The condition codes (PreflightConditionCode in src/core/schemas.py):
MISSING_REQUIRED_FILE, UNSUPPORTED_FILE_TYPE, MISSING_REQUIRED_COLUMN,
AMBIGUOUS_COLUMN_MAPPING, LOW_DATE_PARSE_CONFIDENCE,
LOW_AMOUNT_PARSE_CONFIDENCE, POSSIBLE_SIGN_CONVENTION_MISMATCH,
POSSIBLE_BATCH_MATCHING, POSSIBLE_PRIOR_PERIOD_ITEM,
POSSIBLE_ACCOUNT_ROLLUP, POSSIBLE_BUDGET_BASIS_MISMATCH,
POSSIBLE_UNKNOWN_REPORT_STRUCTURE, UNSUPPORTED_PATTERN_DETECTED,
NEEDS_HUMAN_CONFIGURATION. Each value is the snake_case of the member name.
Independent of preflight: every deterministic finding any workflow produces
carries source-row references (DeterministicFinding.source_rows, each a
SourceRowRef with the parsed source_values).

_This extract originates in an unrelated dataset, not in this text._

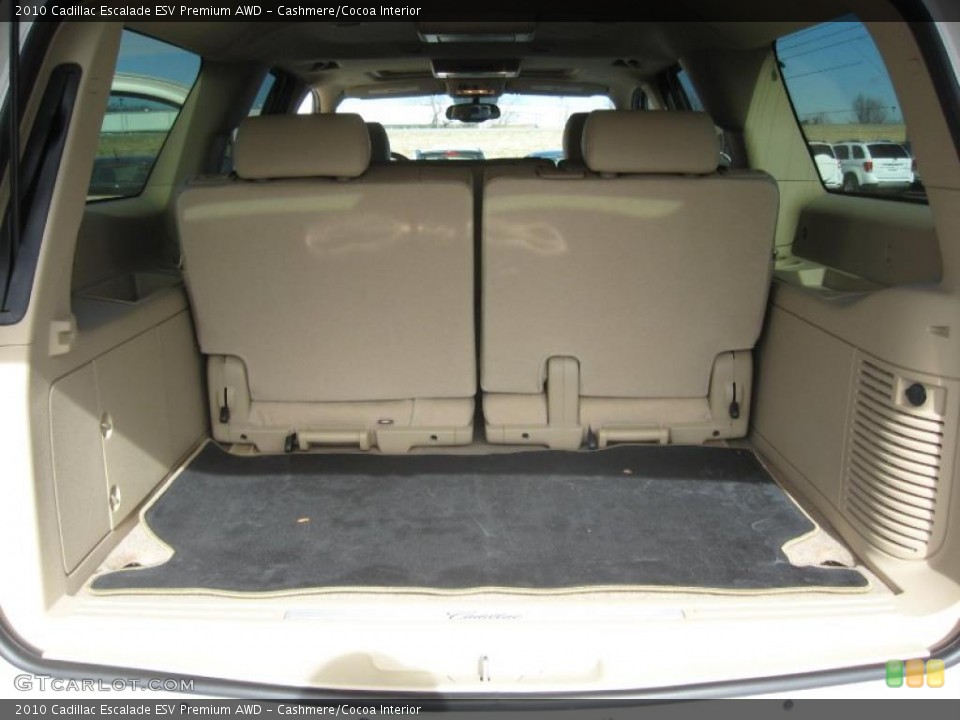 Cashmere/Cocoa Interior Trunk for the 2010 Cadillac Escalade ESV Premium AWD #42626304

On the review page these are
turned into reviewer-facing evidence by src.core.evidence.build_finding_evidence
— rows grouped by source document, the finding's salient fields highlighted, full
provenance (file name + recorded hash + absolute row index), and a clear missing-
counterpart signal for one-sided findings. It is deterministic and read-only (no
re-parsing, no matching, no LLM) and works for any finding that carries source
rows; see docs/decisions.md ("Source-row evidence viewer for findings").